第二部分:挺进国统区 千里跃进大别山打下洛阳问鼎中原(4)
事情到了这种地步,不成功即成仁。康泽想到这,命令卫兵紧闭门窗,开始草拟给蒋介石的电报:
“卑职当仰体座训,坚忍镇定,团结军民,严明赏罚,誓以不成功便成仁之决心,期达固守待援之使命。”
他期盼援军顷刻到来。越盼越心焦,难道真要等到“校长”来电中所说的“最迟”之7月20日?据现在的情形看,襄阳城又怎能坚守到20日?
门开了,胡学熙轻手轻脚走进来。
“钧座,城外静得很。”
康泽不语。
胡学熙怕司令官热出毛病,伸手欲推窗。
康泽喝住:“不开!”
他转身又要去掌灯。
康泽又是一声:“不点!”
胡学熙正不知所措,郭勋祺疾步走了进来,匆忙地对康泽说:“司令官,城外没有动静,不妙啊!”
跟在郭勋祺后面进来的副参谋长易谦随声附和:“会不会是共军今晚要攻城?”
话音刚落,屋里所有人只觉得头懵地一下,似乎屋顶向他们压来。
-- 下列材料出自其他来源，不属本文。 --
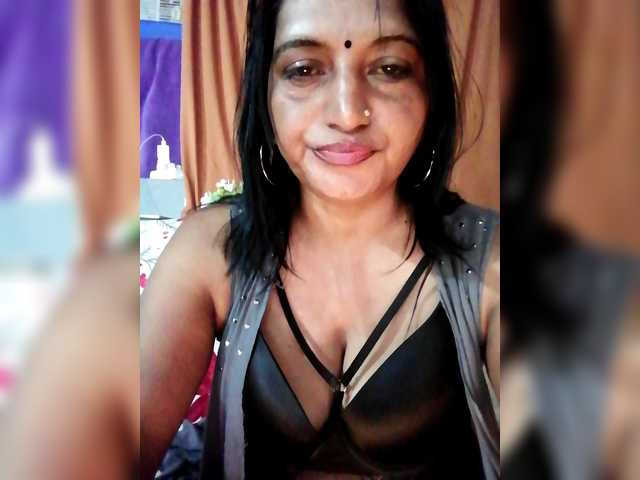 FiestyQueen live cam on BongaCams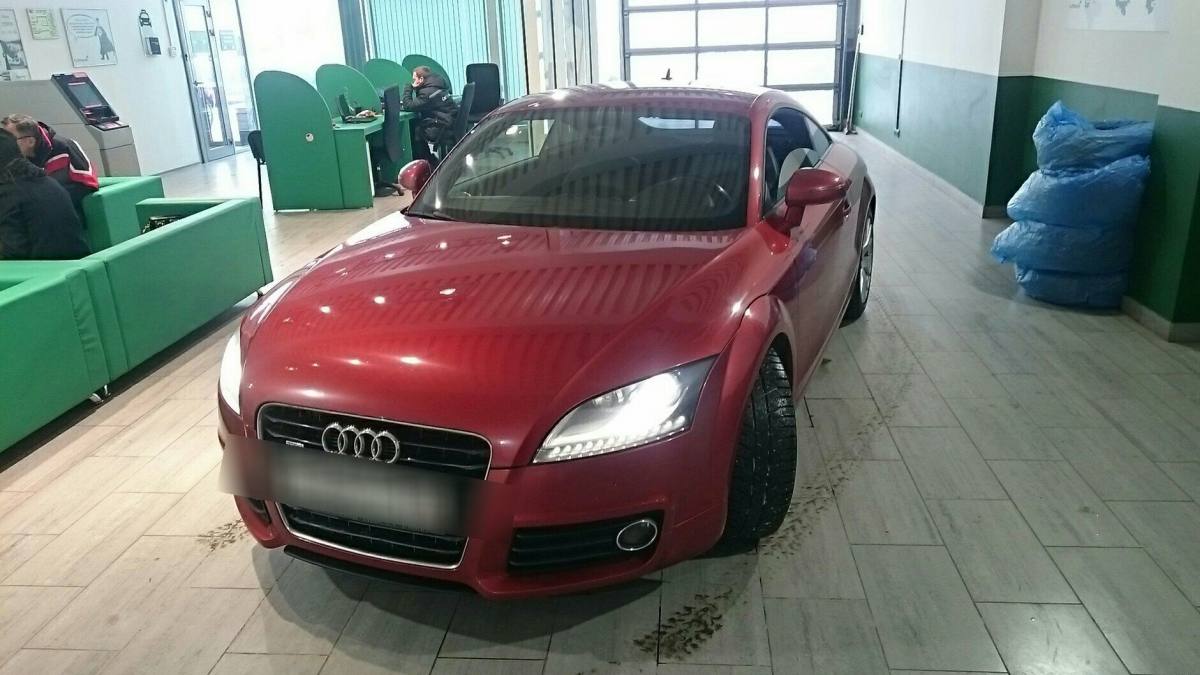 Audi TT II (8J)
就在刹那间,大地齐鸣,震天动地。
易谦惊恐地喊:“真的攻城了!”
郭勋祺对着窗外冲天的火光,骂道:“妈的,老子还没见过这种阵势,简直是疯了!”
胡学熙说:“上当了,共匪攻的还是西门。”
巨大的轰鸣吞没了一切声音。
康泽指着胡学熙,嘴唇翕动。胡学熙走到他跟前,俯身下去。
“快!快问问西门怎么样?”
胡学熙摆摆手,凑到他耳边说:“啥也听不见,等炮火减点儿势头再问吧。”
炮火一直持续了20多分钟,接着是激烈的机枪声。
胡学熙终于要通了西城守军的电话。城防仍在,只是形势很紧。
康泽看看郭勋祺,口气很婉转:“郭副司令,你看我们两个,哪个到西城看看去?”
“当然,当然是我。”
郭勋祺带着胡学熙出了司令部,走到十字路口,听到不远处有枪声,一惊,忙同西城联系,说西城门被打开了一个小口,进来一部分共军,人不多,几十个。
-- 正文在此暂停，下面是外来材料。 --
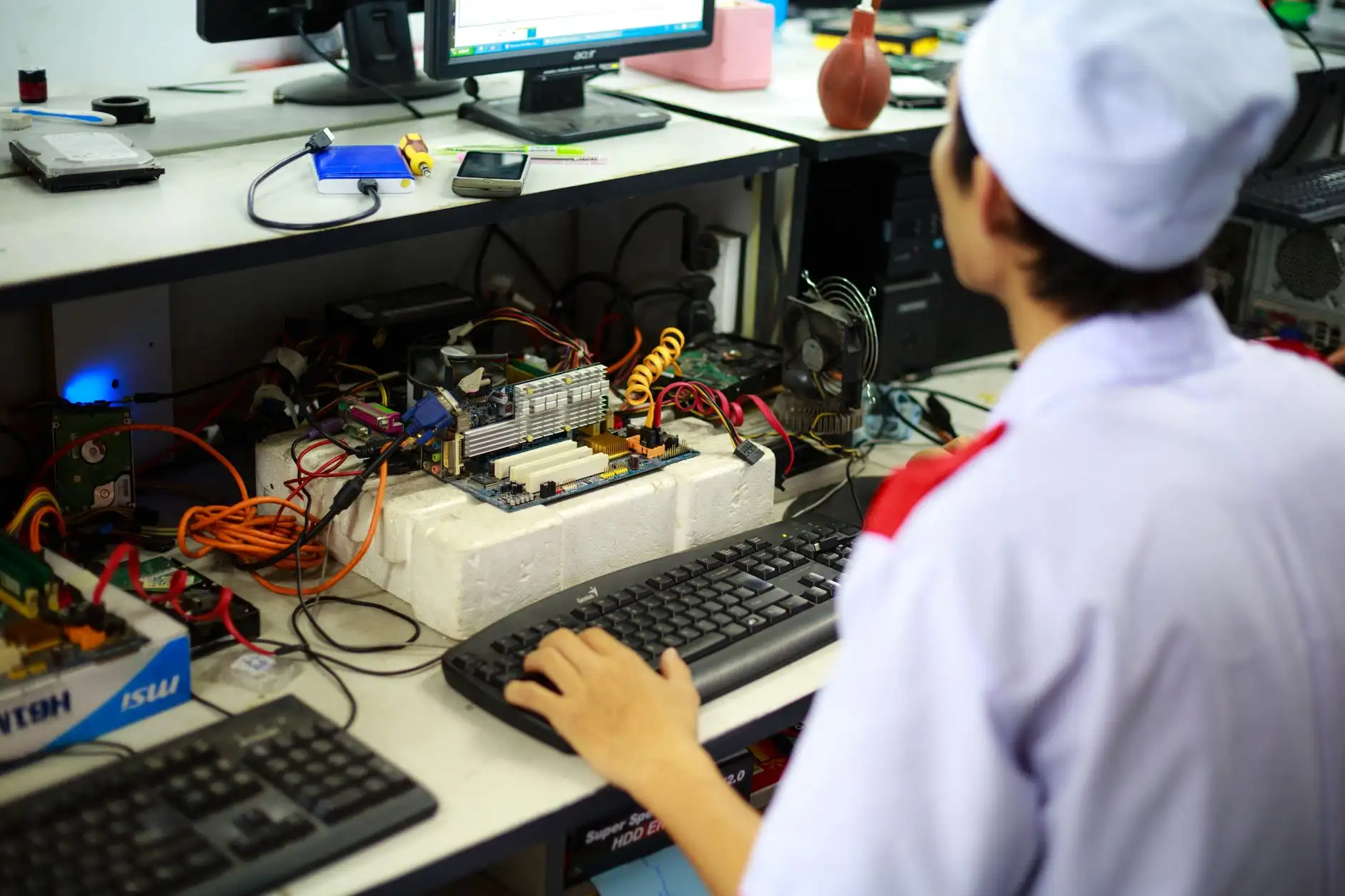 高频PCB材料介电性能对比：FR4覆铜板与PTFE板材差异解析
郭勋祺命令:“组织力量,拼死堵住,进城的共军一个也不能让他们跑掉。”
胡学熙问:“郭副司令,不到前面去吗?”
“再往前走走吧。西门一攻破就全完了。”
康泽在司令部等消息,见跌跌撞撞跑进一个人。此人一见康泽浑身筛糠般嚎啕大哭:“报告司令官,我该死!该死!我把炮丢了,我的炮全丢了呀!他们的人不知从哪里来的……”
化学炮连连长的报告如五雷击顶,一下子把康泽击蒙了。这可是康泽对付共军的一张王牌。没有化学炮,这怎么了得?康泽立刻命令易谦:“赶快!派人夺回来,一定要夺回来,快,赶快!”
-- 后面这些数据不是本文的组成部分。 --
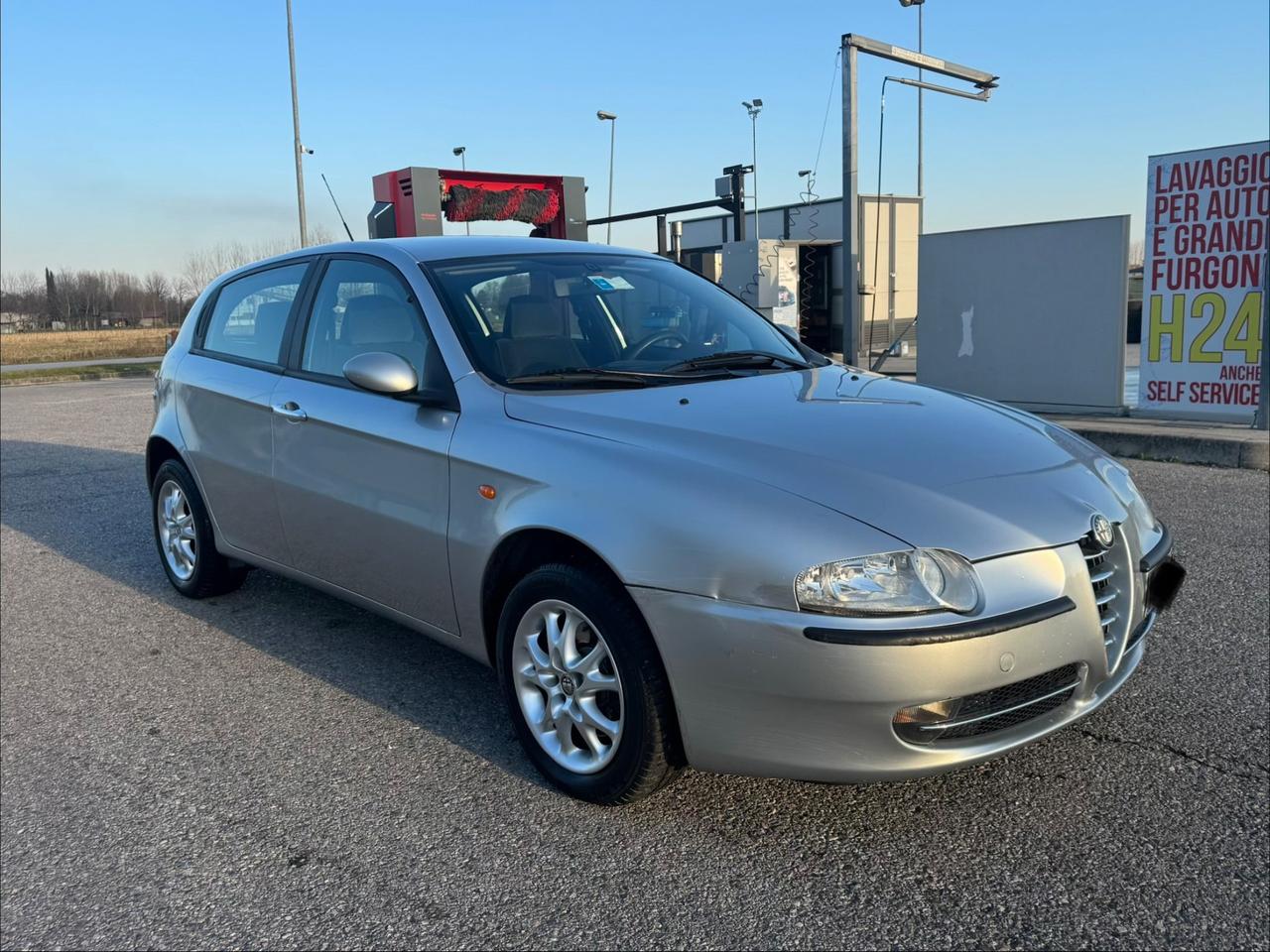 Alfa Romeo 147 1.6i 16V Twin Spark cat 5p. Distinctive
化学炮是康泽的命根子,特务营奉命而去。此去非但化学炮没有夺回来,连特务营也给“搭”进去了。
郭勋祺、胡学熙仓皇回到司令部。
“西门完了。”郭勋祺似乎用尽了平生的力气,瘫坐在椅子上。
胡学熙用电话联系南城,开始说顶不住了,再联系,电话已经中断。
除了司令部范围,外面的一切情况都不明了。康泽让卫士点灯,用颤抖的手指拟了急电,分发给蒋介石、顾祝同、白崇禧:“襄阳已陷,我已尽最大努力,现仍集中最后力量固守核心工事,待援!”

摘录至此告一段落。